Option 2: Reduce the load or replace the battery. The firmware inside a Smart-UPS is designed to last for years, yet the batteries are consumable items. As the batteries age, they lose their ability to hold a charge and therefore available runtime will decrease over time. Once the runtime remaining is within 2 minutes of the low battery signal warning time, the battery charge LEDs will begin to flash and PowerChute software / SmartSlot accessories will report that the “UPS batteries are discharged”, even if the battery is at 100% capacity. In the case of an older unit running with a heavy load, try reducing the attached load. If the unit is an XL (Extended Run) model, then try adding an additional battery pack. Typical battery life is 3 – 6 years. If you have an older UPS, try replacing the battery. XL battery packs and replacement battery cartridges are available for purchase on our website at RefurbUPS.com

Option 3: Perform a Runtime Calibration. This is a manual procedure and should not be confused with the runtime calibration performed through PowerChute software. The batteries inside of the Smart-UPS are controlled by a microprocessor within the UPS. Sometimes it is necessary to reset this microprocessor, especially after the installation of new batteries. Stop the PowerChute software from running and disconnect the serial cable. There must be at least a 30% load attached to the UPS during this procedure, and this load cannot fluctuate more than +/- 5%. This process will cause the UPS to shut off and cut power to its outlets, therefore, attach a non-critical load to the UPS and then force the UPS on battery by disconnecting it from utility power. Allow the unit to run on battery until it turns off completely. Make sure a 30% load is present! Plug the UPS back into the wall outlet and allow it to recharge (it will recharge more quickly turned off and with no load present). Once the unit has recharged, the “runtime remaining” calculation should be more accurate. Remember that if the unit is an older model, then the runtime will not improve significantly. Note: Should the previous steps not resolve the issue contact APC support at 800.890.4272 for further assistance.

Background: An APC Smart-UPS has a microprocessor which calculates runtime primarily based on the load attached to the UPS and on its battery capacity. On the right side of the front display panel there is a vertical graph of five LEDs. Each LED is an indication of battery charge in increments of twenty percent: 20, 40, 60, 80, 100% (bottom to top). For example, if the battery charge is 95%, then only four of the five LEDs are illuminated.

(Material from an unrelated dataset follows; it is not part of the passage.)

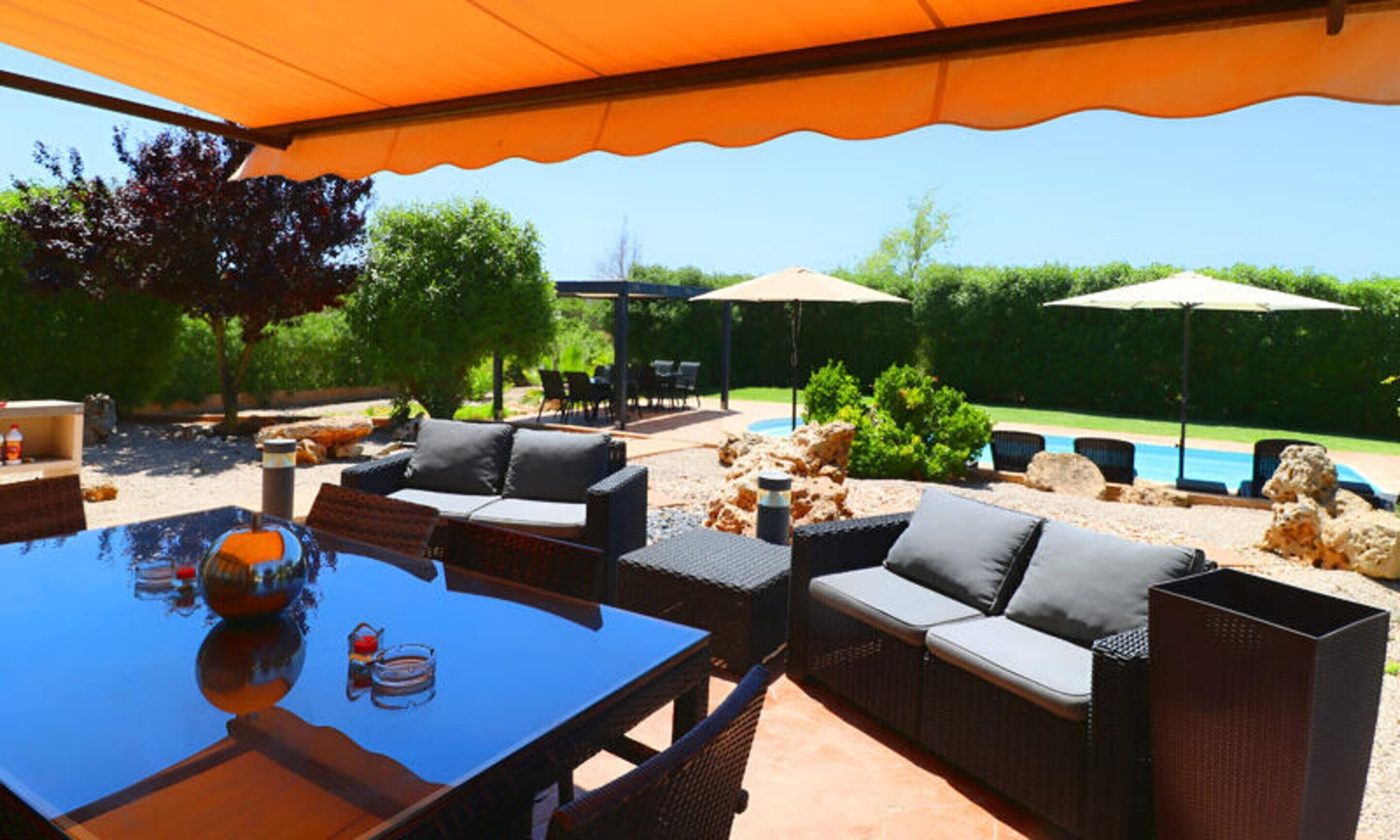 Tempat makan outdoor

To ensure that an operating system receives a graceful shutdown when using PowerChute plus or a SmartSlot accessory, an alert is generated by the Smart-UPS indicating that the UPS has reached a low battery condition. The alert is audible (rapid beeping), visual (flashing battery LED or LEDs), and readable through the graphical interface of PowerChute software (or a native UPS shutdown program within a particular operating system.) In order to calculate this “low battery condition,” all Smart-UPS products have a preconfigured low battery signal warning time of two minutes (this is the factory default setting). There are a total of four user-changeable settings: 2, 5, 7, or 10 minutes. If the low battery signal warning time is set for 2 minutes, then the alerts will activate simultaneously two minutes prior to shutdown. Similarly, if the total runtime for a particular UPS is 30 minutes with a low battery signal warning time set at 10 minutes, then the UPS will run on battery for 20 minutes before the low battery alert begins. Total runtime is primarily based on two factors, battery capacity and UPS load. UPS load and runtime on battery are inversely proportional: as load increases, battery runtime decreases and vice versa. When utility power is lost, the UPS begins discharging the battery in order to support the attached load. Once power returns, the Smart-UPS will automatically begin to recharge its battery.

How could I turn off a solid "Replace Battery LED" on my Smart-UPS?

All Smart-UPS units have a built-in automatic battery self-test feature. The purpose of the test is to check the condition of the battery, and to provide an audible and visual alarm to the user when it is time to replace the internal battery. If the UPS is left on at all times, by default, the unit will run a self-test on the battery every 14 days. The test will also run automatically every time the Smart-UPS is turned on, or manually, by pressing and holding the I/Test button on the front of the Smart-UPS.

If the battery fails the test, the “Replace Battery” LED will illuminate. This LED is a warning that the battery may be near the end of its life, and should typically be replaced within 2-4 weeks.

Solution: If the Replace Battery LED is lit, then perform the following steps to determine if the battery does in fact need to be replaced, or if the bad battery indication was due to an invalid test, giving false results.

1. Determine the approximate battery capacity using the battery capacity bar graph LEDs**, which are the row of 5 LEDs on the far right side of the front panel; each LED represents approximately a 20% charge on the battery. If not all of the LEDs are illuminated, then proceed to step 2. If all battery charge LEDs are illuminated, then move to step 3.

2. If all of the battery charge LEDs are not lit, then the battery needs to be charged. If possible, charge the unit for 24 hours or at the very least, charge a standard unit for 3 hours and an XL for 9 hours. The Smart-UPS will charge whether it is on or off. The unit will charge whether there is equipment plugged in or not. However, in environments where the power quality is poor, it is recommend that the unit be off during this charging period. As long as the Smart-UPS is on and able to supply power to your equipment, it is possible that it may switch to battery operation, which will lengthen its recharge time. When all battery charge LEDs are lit, proceed to step

3. If all LEDs do not illuminate after 24 hours, and the unit has been plugged into a good power outlet, there could potentially be a problem with the UPS itself, and it should be replaced.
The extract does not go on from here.